Return only the lines from the one that contains "2 bedroom end" through the last line of the records below, exactly as they stand. Pictures are not part of the copy.
******
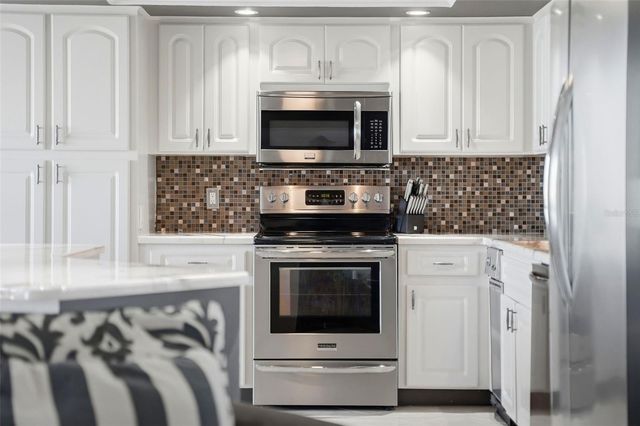 1060 PINELLAS BAYWAY S 204, Tierra Verde, FL 33715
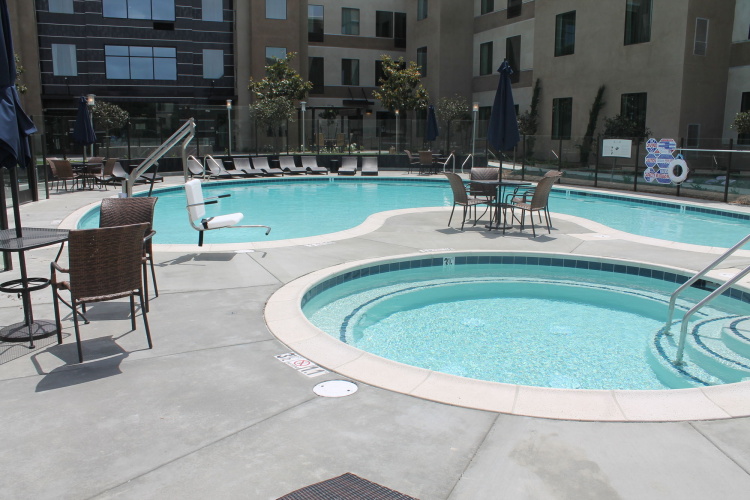Holiday Inn & Staybridge Suites Carlsbad San Diego photo 21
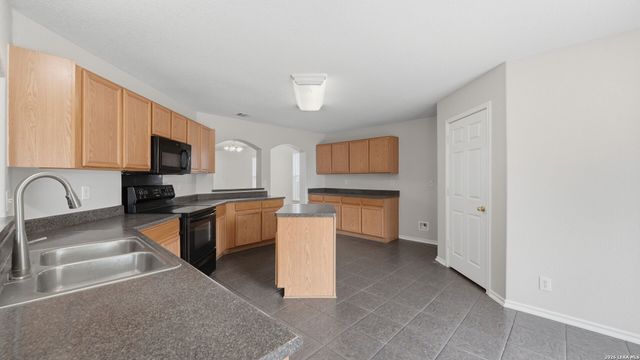 214 HALLIE CV, San Antonio, TX 78227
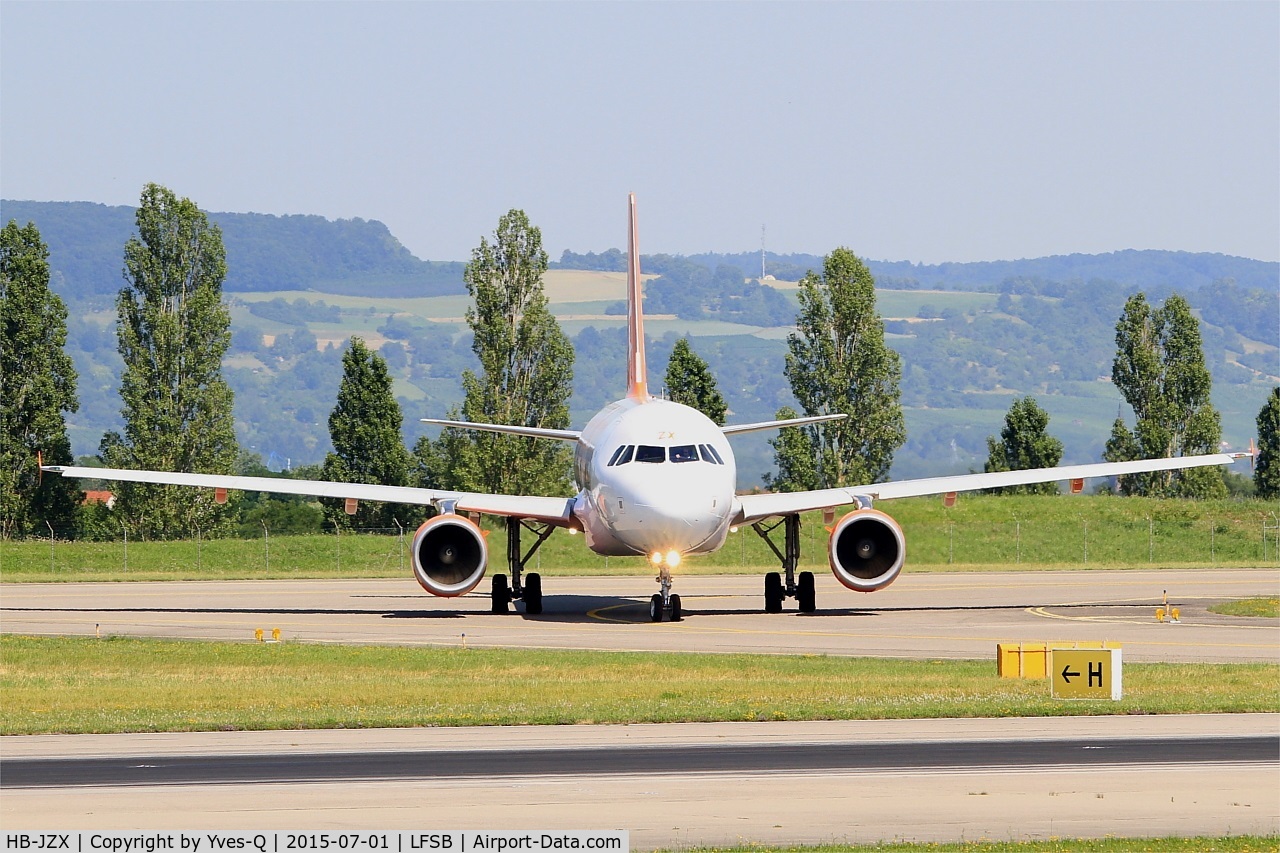 HB-JZX, 2009 Airbus A320-214 C/N 4157, Airbus A320-214, Taxiing to holding point rwy 15, Bâle-Mulhouse-Fribourg airport (LFSB-BSL)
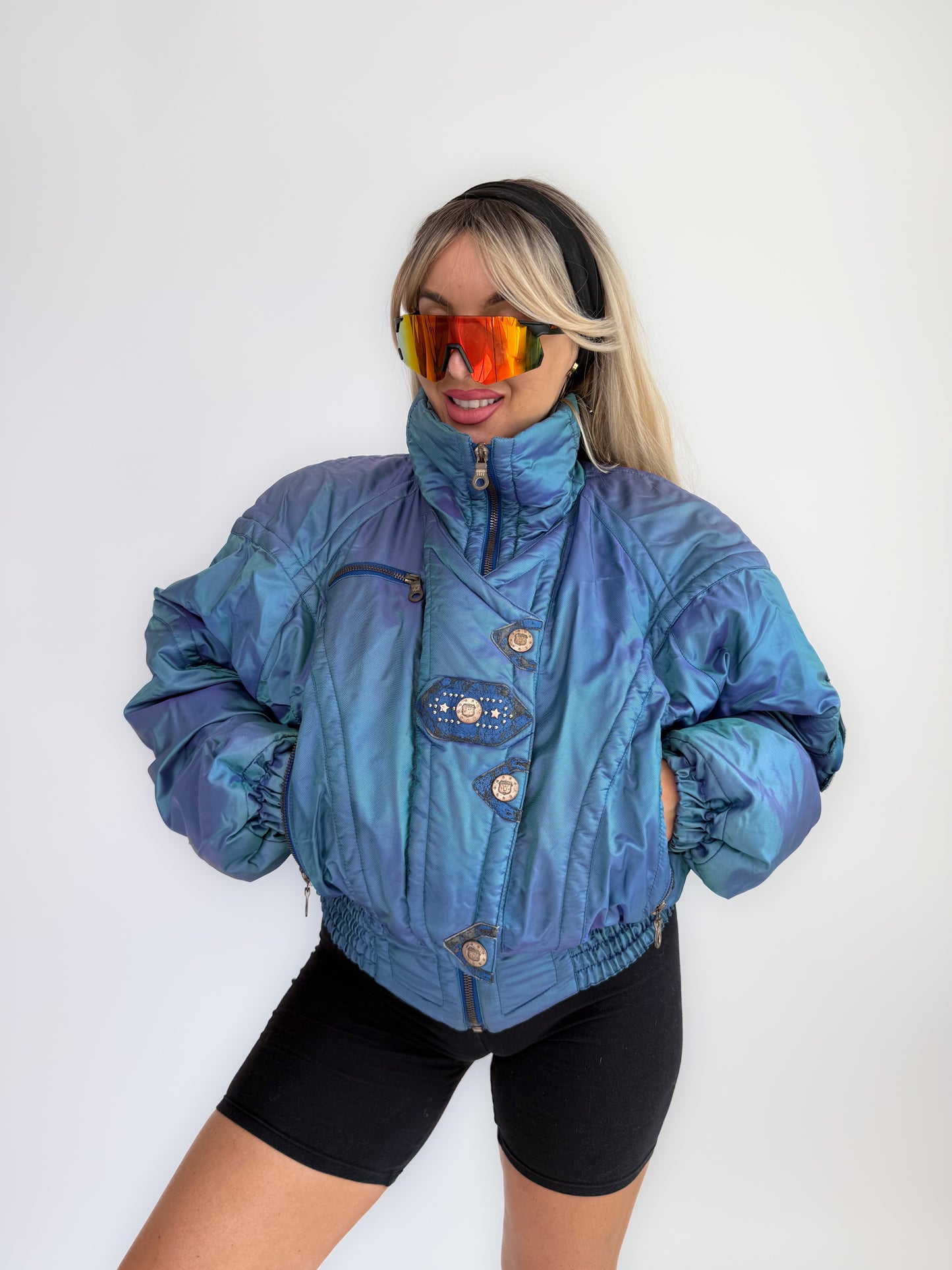 Vintage Kaelin Ski Bomber Jacket – 80s 90s Iridescent Blue Cropped Puffer Coat with Celestial Buttons M-L
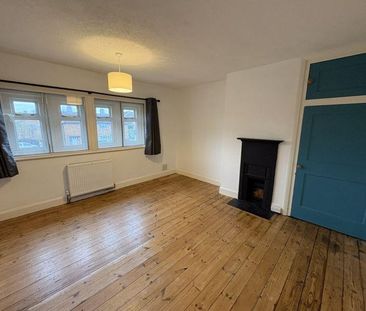 2 bedroom end of terrace house to rent - Photo 1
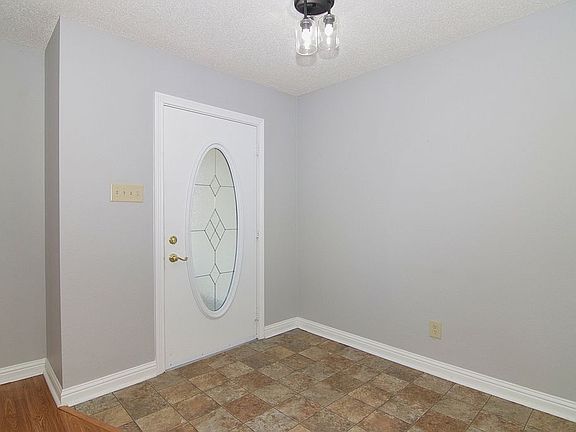 3rd image of 6863 Woodland Heights Dr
******
- _The completed task_:
 2 bedroom end of terrace house to rent - Photo 1
 3rd image of 6863 Woodland Heights Dr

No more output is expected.